Respekt: Zmeyevsky to be new Russian ambassador in Prague

22 December 2015

Prague, Dec 21 (CTK) - Former Russian special presidential representative for international cooperation in combating terrorism and transnational organised crime Alexander Zmeyevsky will become the new ambassador to the Czech Republic, weekly Respekt writes yesterday.
The term of the current Russian ambassador to the Czech Republic, Sergei Kiselyov, is ending after five years and six months, Respekt writes.
Kiselyov will be replaced by Zmeyevsky in March, it adds, referring to its diplomatic sources.
In the security sphere, the choice of Zmeyevsky, a Putin's aide, is interpreted as a sign that for Russia, the embassy in Prague is still crucial, Respekt writes.
For a long time, this has been also proven by its unusually numerous staff, it adds.
At present, there are 120 Russian diplomats in Prague, while China has 28 and the USA 70 of them, Respekt writes.
The much bigger Britain has only allowed the Russian embassy in London to have 70 employees, it adds.
Czech intelligence sources estimate that at least 30 percent of the ambassadorial staff are members of Russian intelligence services or are in close contact with them and act in their interest, Respekt writes.
These activities focus on the gathering of compromising information on politicians, efforts to influence the legislative process and the Czech Republic's geopolitical focus, of which the BIS counter-intelligence regularly warns in its annual reports, it adds.
However, the work in the Czech Republic is not the only task Russian agents have here.

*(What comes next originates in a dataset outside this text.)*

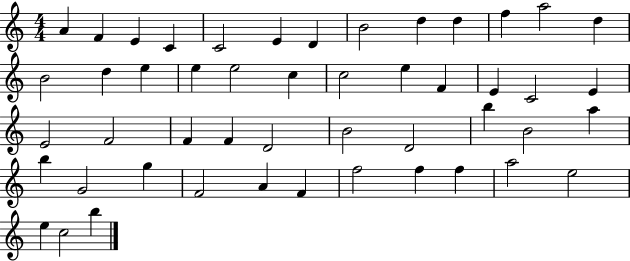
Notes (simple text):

According to the testimonies by some previous representatives of Russian services, the Russian intelligence assessed Prague as a relatively safe haven.

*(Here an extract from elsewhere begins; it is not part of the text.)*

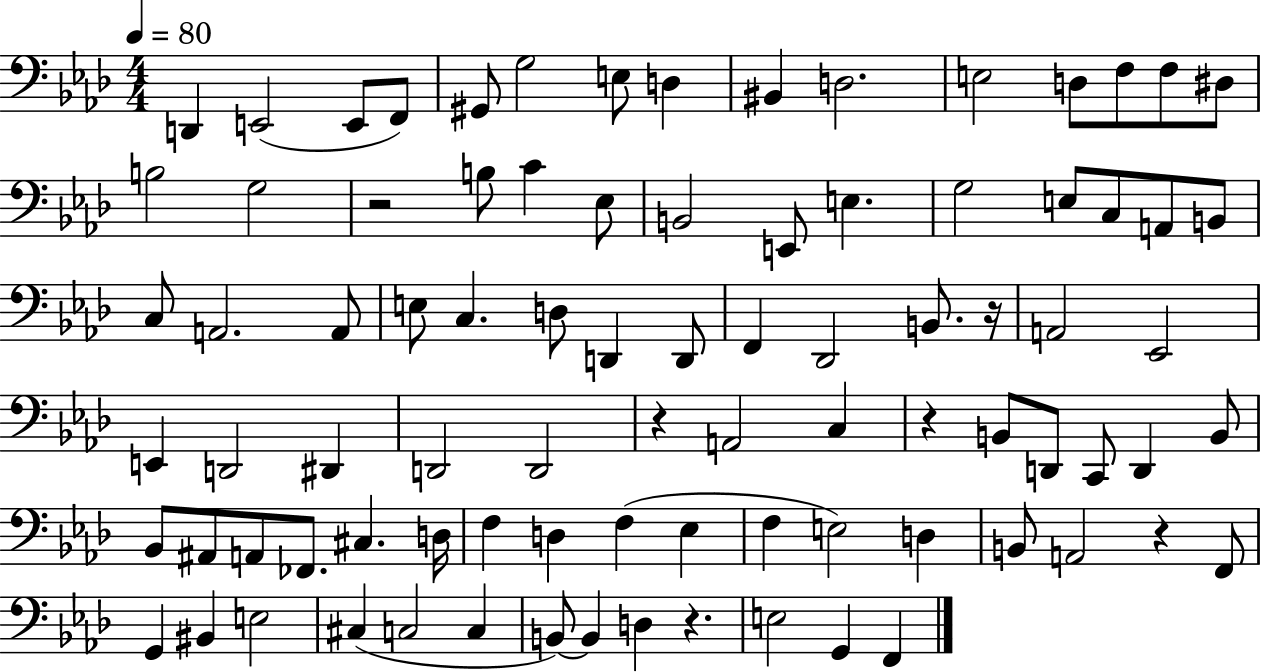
D2/q E2/h E2/e F2/e G#2/e G3/h E3/e D3/q BIS2/q D3/h. E3/h D3/e F3/e F3/e D#3/e B3/h G3/h R/h B3/e C4/q Eb3/e B2/h E2/e E3/q. G3/h E3/e C3/e A2/e B2/e C3/e A2/h. A2/e E3/e C3/q. D3/e D2/q D2/e F2/q Db2/h B2/e. R/s A2/h Eb2/h E2/q D2/h D#2/q D2/h D2/h R/q A2/h C3/q R/q B2/e D2/e C2/e D2/q B2/e Bb2/e A#2/e A2/e FES2/e. C#3/q. D3/s F3/q D3/q F3/q Eb3/q F3/q E3/h D3/q B2/e A2/h R/q F2/e G2/q BIS2/q E3/h C#3/q C3/h C3/q B2/e B2/q D3/q R/q. E3/h G2/q F2/q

It was chosen as a place from which Russian spies will conduct their operations in the whole of Central Europe, especially in Germany whose secret services are more capable and have more staff than the Czech ones, Respekt writes.
"As we realised this, we wanted the government to increase our budget and our capabilities," a senior Czech intelligence official is quoted as saying.
This really occurred as the government gave more money to the BIS this year, Respekt writes.
Some politicians have proposed a more resolute measure in the form of a radical reduction of the diplomats (but in reality spies) at the Russian embassy, it adds.
This week, this step was taken by NATO as it expelled 30 Russian diplomats from Brussels.
However, Prague is not about to follow suit for fear of Moscow's reciprocating, Respekt writes.
As the Czech embassy in Russia only has 25 people, it would be crippled if Moscow retaliated, it adds.